Friday, August 15, 2014
Wind, duration, and intensity of northern New Mexico thunderstorms make driving in downtown Gallup just a bit dicey.
People forget how to to drive and careen into each other with alarming frequency.
It happened to me a couple of weeks ago.
The collision was unremarkable and no one was hurt. My truck, however, was disabled, maybe permanently. As I surveyed the damage, I searched for the right verb to capture the type of collision. It wasn't a "head-on," or a "side-swipe," or "rear-end," or a "fender-bender," (all good words with lively sounds). It came to me after a few moments: "t-bone." I had been "t-boned."
I was swept away with sadness looking at my injured companion after I found the word. But that's another story.
How and why the other driver and I came together is one of those mysteries. Why the intersection of Coal and Fifth? Why this day? This time?
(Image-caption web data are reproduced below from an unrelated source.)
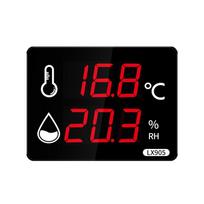 Digital Thermometer Room Hygrometer With LED Screen Display Temperature Meter For Home Humidity LX905A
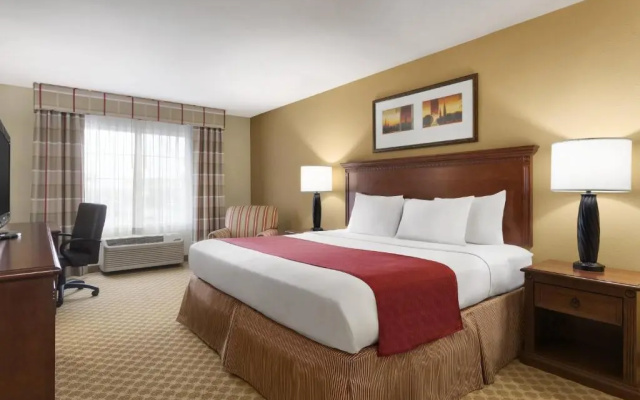 Standard room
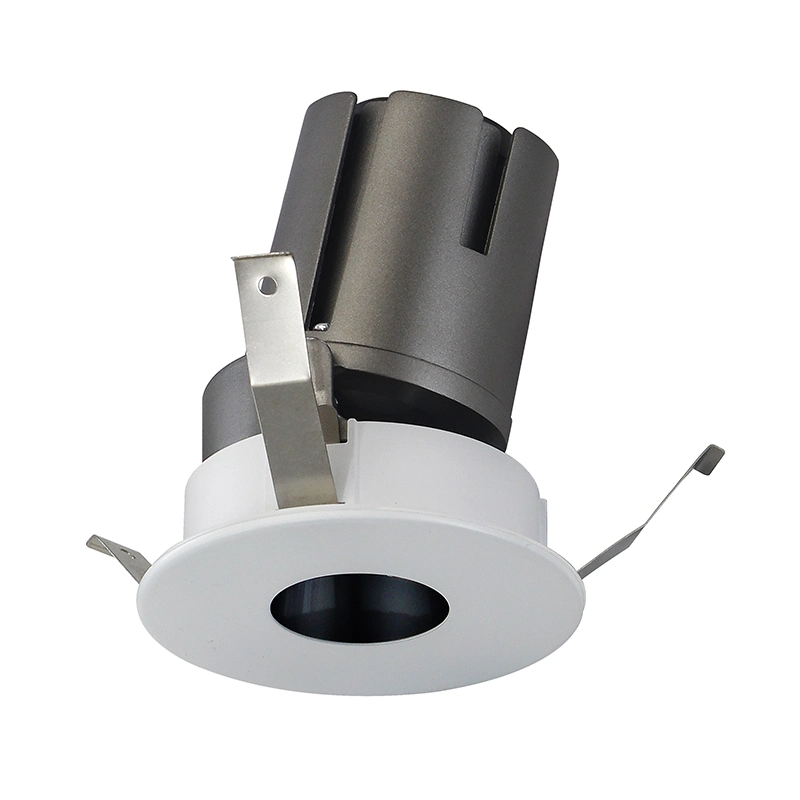 Factory Selling IP44 High CRI 80 90 95 Anti-Glare COB or SMD Anti Dazzle Ambient Down Lighting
Like a billiard game or pinball or any scene in motion, contact resets life's trajectory.
Mine, for example, had to be reset to accommodate the lack of motorized transportation. I could not return to work in Tucson on schedule or haul supplies for the house project.
I had to adapt to this revised cast of possibilities.
My extended stay made some things possible that would not have been possible otherwise.
I got to rest and do some art and hang with friends.
As chance would have it, I returned to the intersection a few days later. My friend, who was driving, thought it would be good to check out a local bar, that a trip to town might cheer me up after losing my truck. He did not know where my accident had happened, what kind of collision it was, or any of the details. Nor did he know that I very seldom eat meat or go to bars.
He just thought it would be fun to show me some of the sights in Gallup after a mountain bike ride.
I was surprised when he parked right at the fateful intersection.
I said nothing about it as we walked over the Coal Street Pub. He wanted to treat for lunch. I would buy the beer and gas for the trip. Since he was treating, he got to pick the food, which he said was a local, Gallup specialty.
As an omnivore who just likes to eat, I was game for anything.
We ordered our beers, Marble Red Ales and talked about how strange life is sometimes, that there are inexplicable coincidences, like seeing a neighbor across the street in a European town thousands of miles from home, or finding just the right book in a library when you stop to browse the shelves.
I confessed that since the accident, I had been finding things that I had been looking for in odd places and strange times. For example, I needed a news clipping for a piece I was writing, and could not find it until I was cleaning windows and saw some paper between the panes. I pulled it out, and it was the article.
How did it get there?
All well and good, I thought. It's just random chance, and we are random billiard balls careening off in a random life.
Right on cue the food came. It was the special of the day: t-bone. Rare.